Eurotunnel passengers are set to face miserable cross-Channel delays due to new immigration exit checks – but investors were given reason to celebrate as the dividend was hiked 20 per cent after annual profits almost doubled.
It comes as the Government demanded that Eurotunnel – and ferry operators – must check the identity of every traveller leaving the UK, which is set to trigger long delays at the train service’s Kent terminal during peak summer travel. Experts predict queues of up to five miles when the new exit-check regime starts on 8 April.
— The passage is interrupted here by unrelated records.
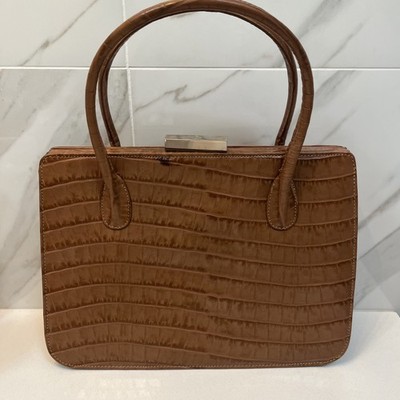ROBERTA GANDOLFI Croc Embossed Leather Top Handle Bag   Made in Italy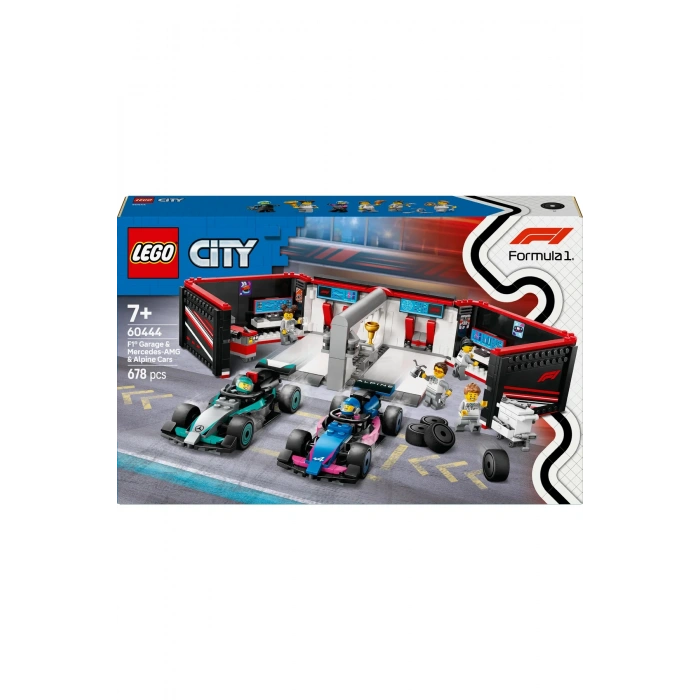 ® City F1® Garajı ve Mercedes-AMG ve Alpine Arabaları 60444 - 7+ Yaratıcı Oyuncak Yapım Seti (678P)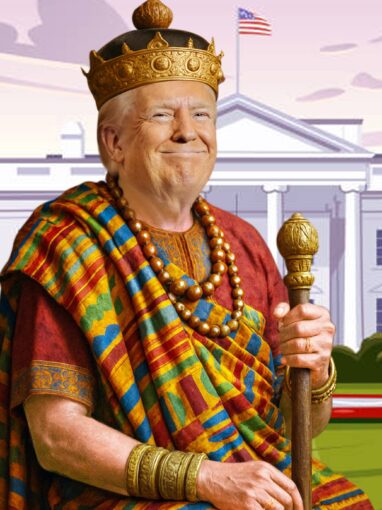 A meme of Donald Trump by The African Magazine's designer-artist Thiani Lodonou Capo-chichi.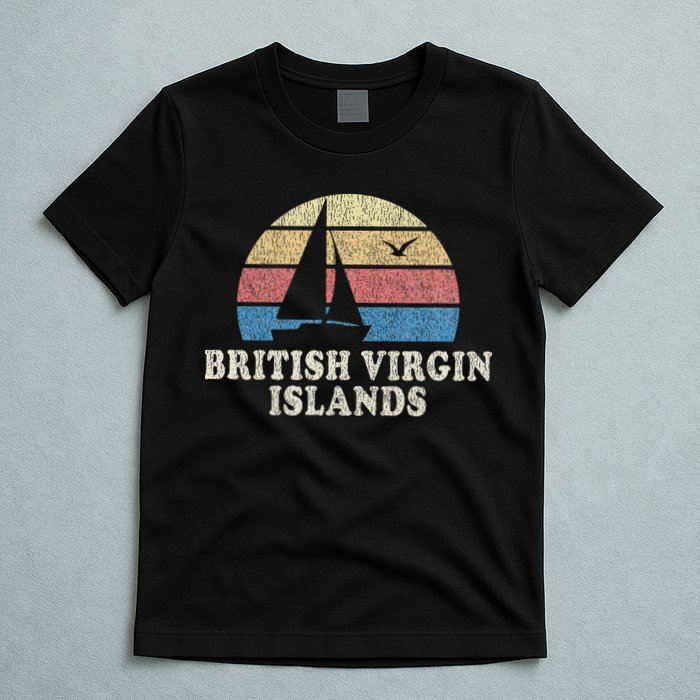 British Virgin Islands Vintage Sailboat 70s T-Shirt
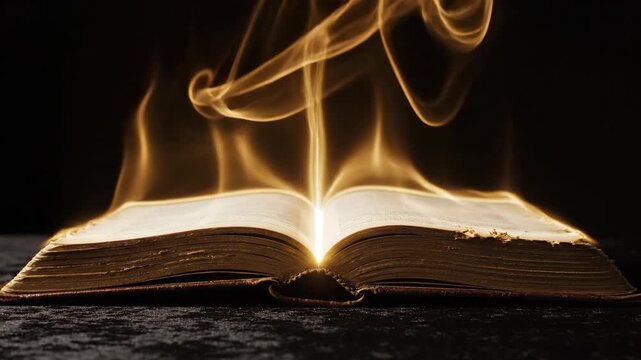 An open book with illuminated pages against a dark background. The light creates a warm glow, highlighting the texture of the pages.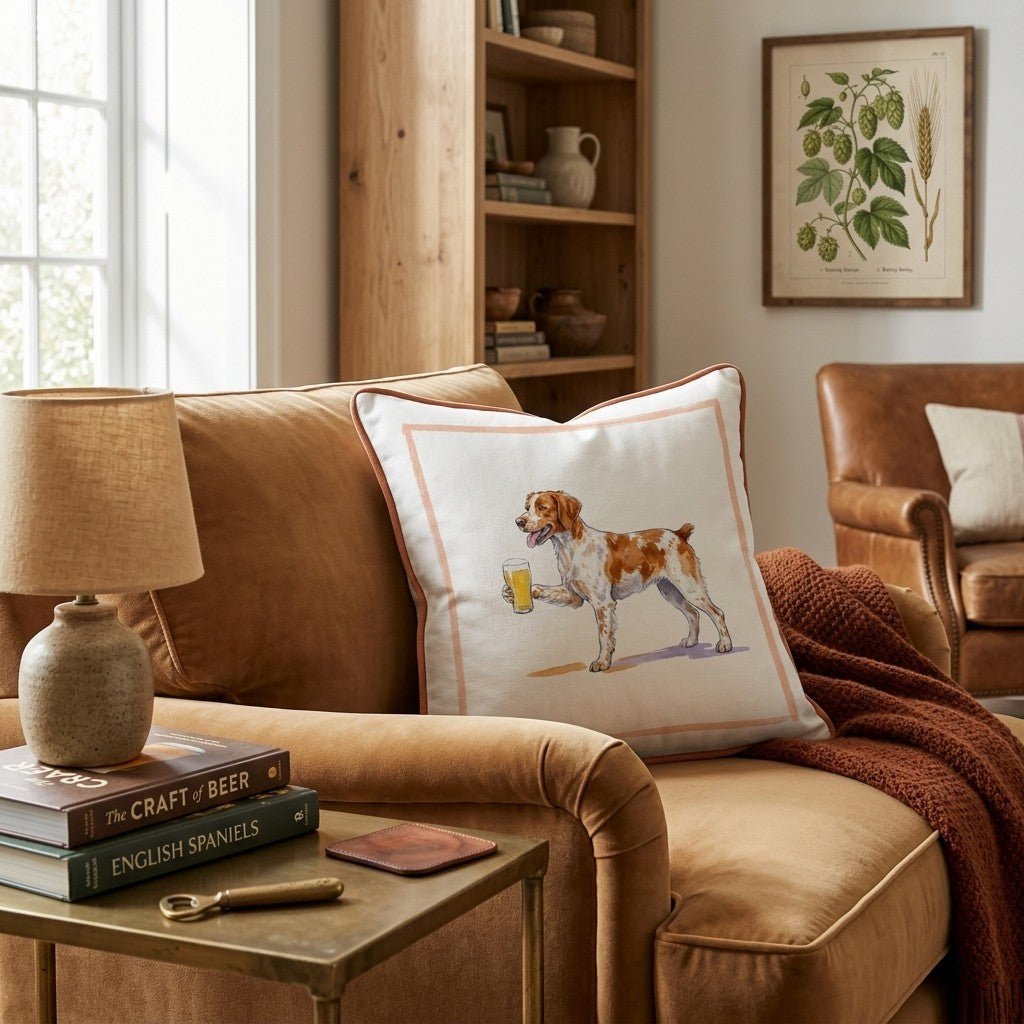 Brittany Lager Throw Pillow - Hillcroft Home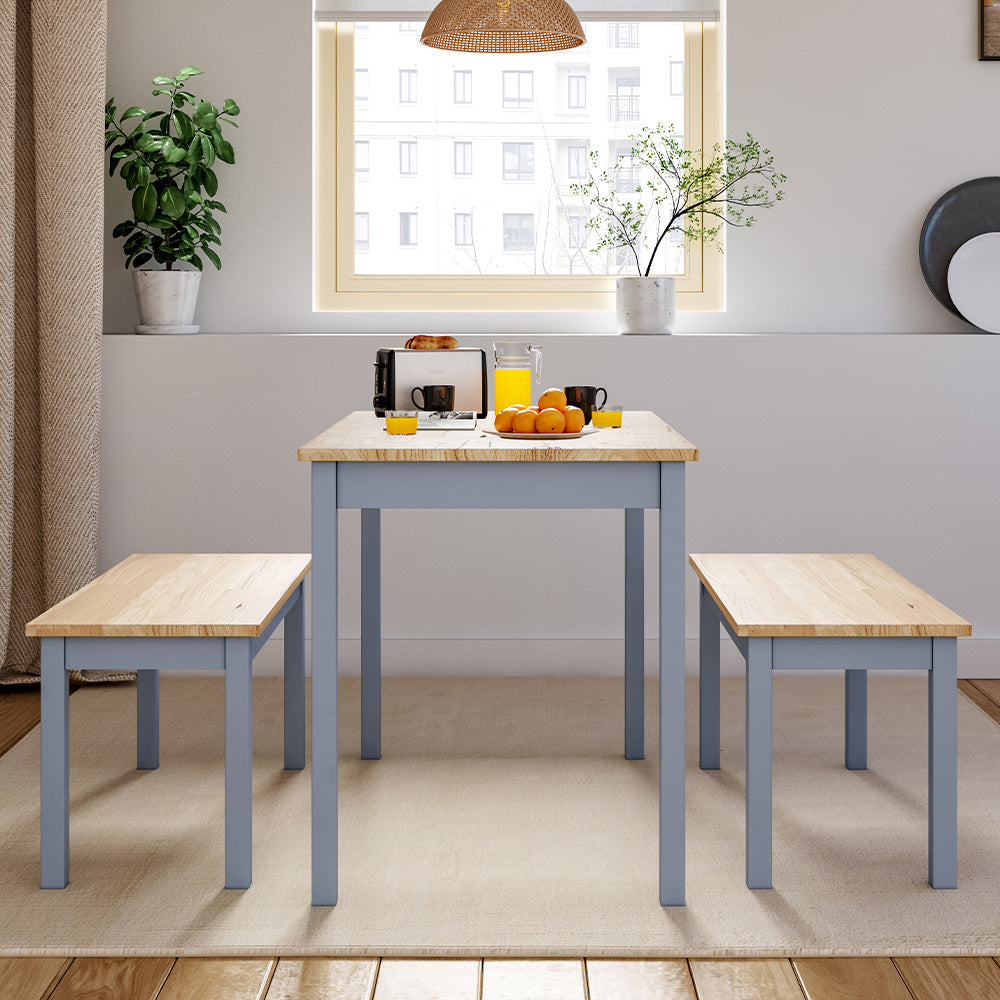 Grey Set of 3 Modern Wood Dining Table and Benches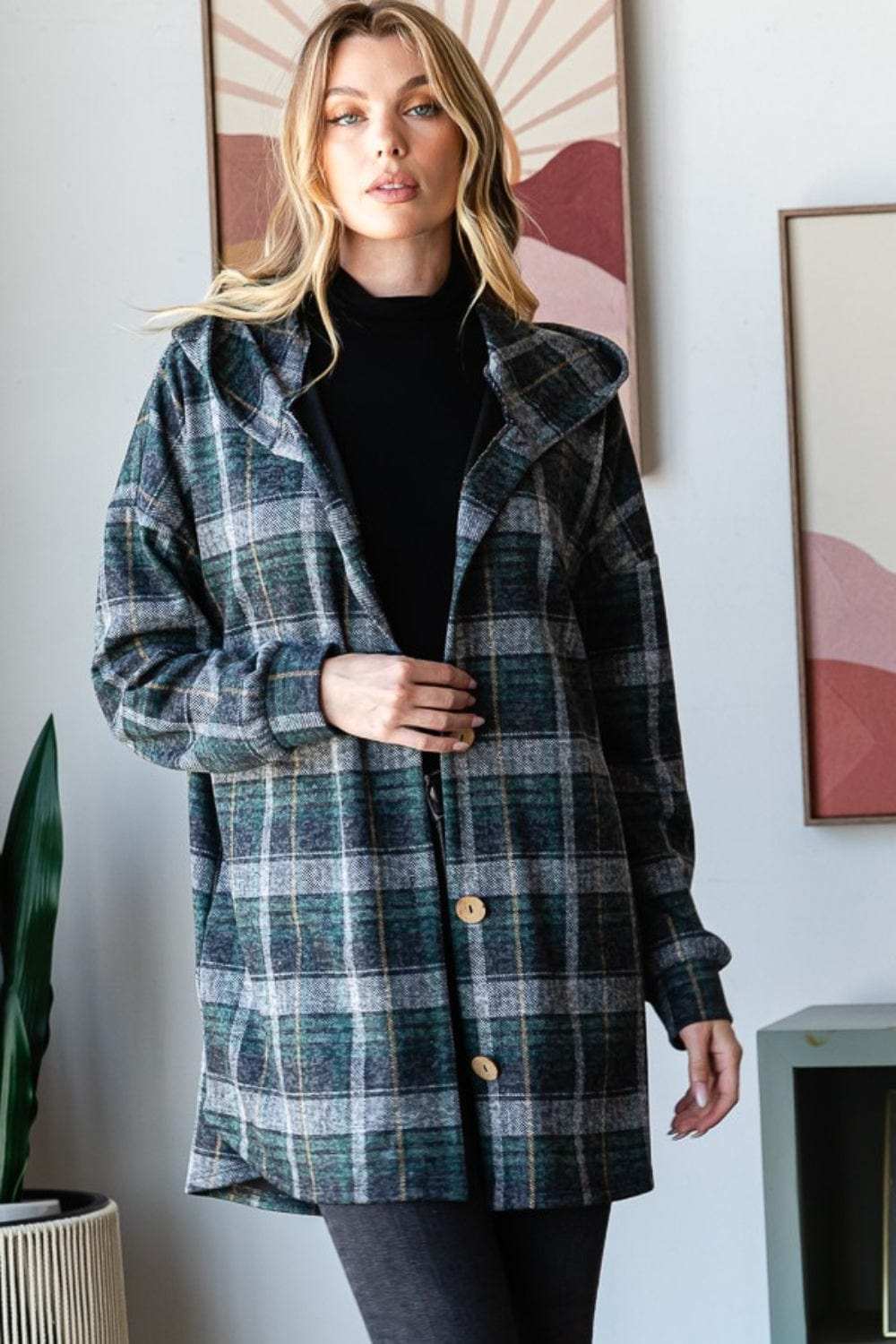 Heimish Plaid Button Down Long Sleeve Hooded Cardigan - Trendsi - Flyclothing LLC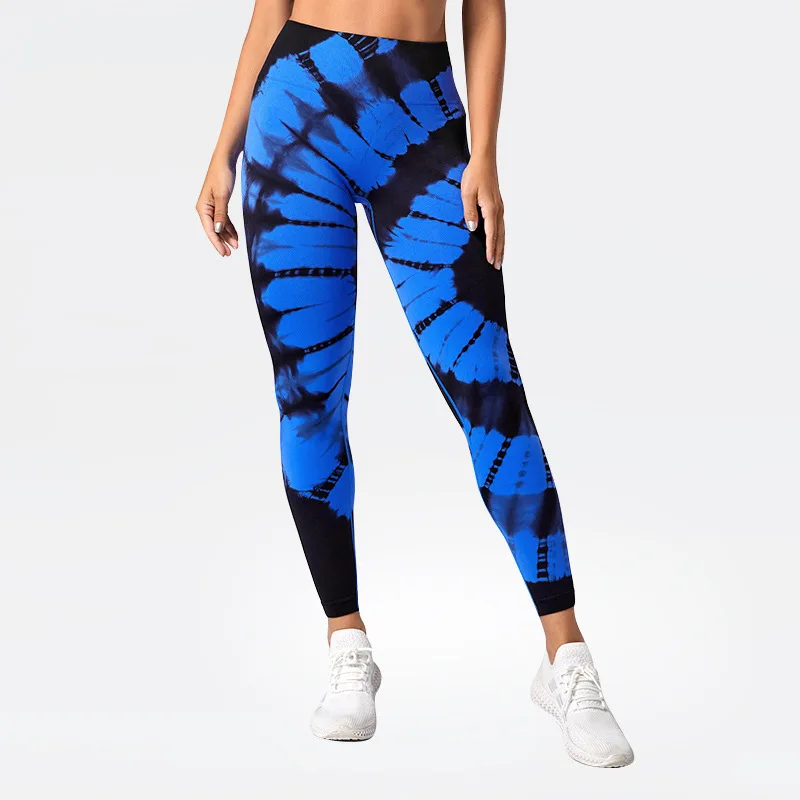 Damskie bezszwowe spodnie sportowe do jogi Skew Tie Dye Trend Wysoka talia, podnoszenie bioder, oddychające legginsy fitness na brzuch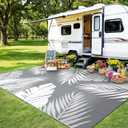 sarben Outdoor Rug 8x10 Waterproof for Patio Clearance, Reversible Indoor Outdoor Plastic Straw Camping Rug Carpet, RV Mat, Large Area Rug for Deck, Backyard, Balcony, Porch, Beach, Grey & White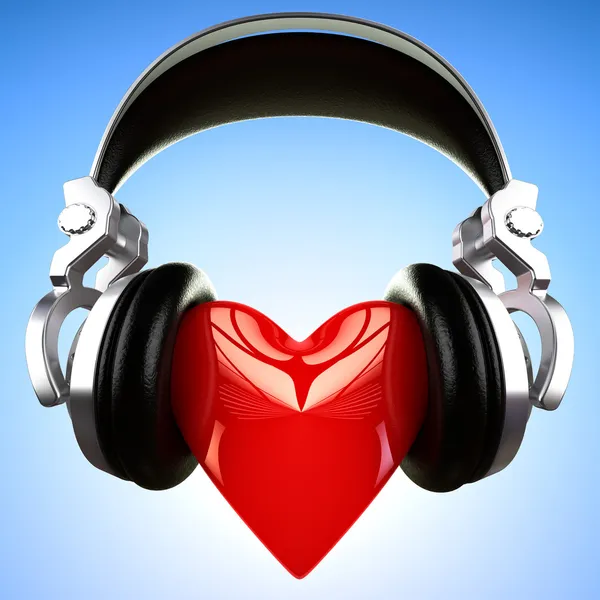 Pair Headphones Big Shinny Heart — Stock Photo, Image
But shareholders will cash in, because in 2014, the 20th anniversary of the opening of the tunnel, Eurotunnel’s Shuttles transported 2.6 million cars and 1.4 million trucks under the English Channel, while Eurostar’s high-speed trains now pack on 3 per cent more passengers – almost 10.4 million. Pre-tax profit shot up 89 per cent to €56m (£41m).
The pacy performance was “led by growth in the UK economy and signs of improvement in Europe”, Eurotunnel said. It’s now proposing a 20 per cent rise in the dividend, to €0.18 a share. Revenues increased by 7 per cent to €1.2bn last year.
Yet just seven years ago Eurotunnel was in the French equivalent of Chapter 11 bankruptcy protection, and chairman Jacques Gounon had to instigate major restructuring. The Government is selling its 40 per cent stake in Eurostar to an Anglo-Canadian consortium for £757.1m.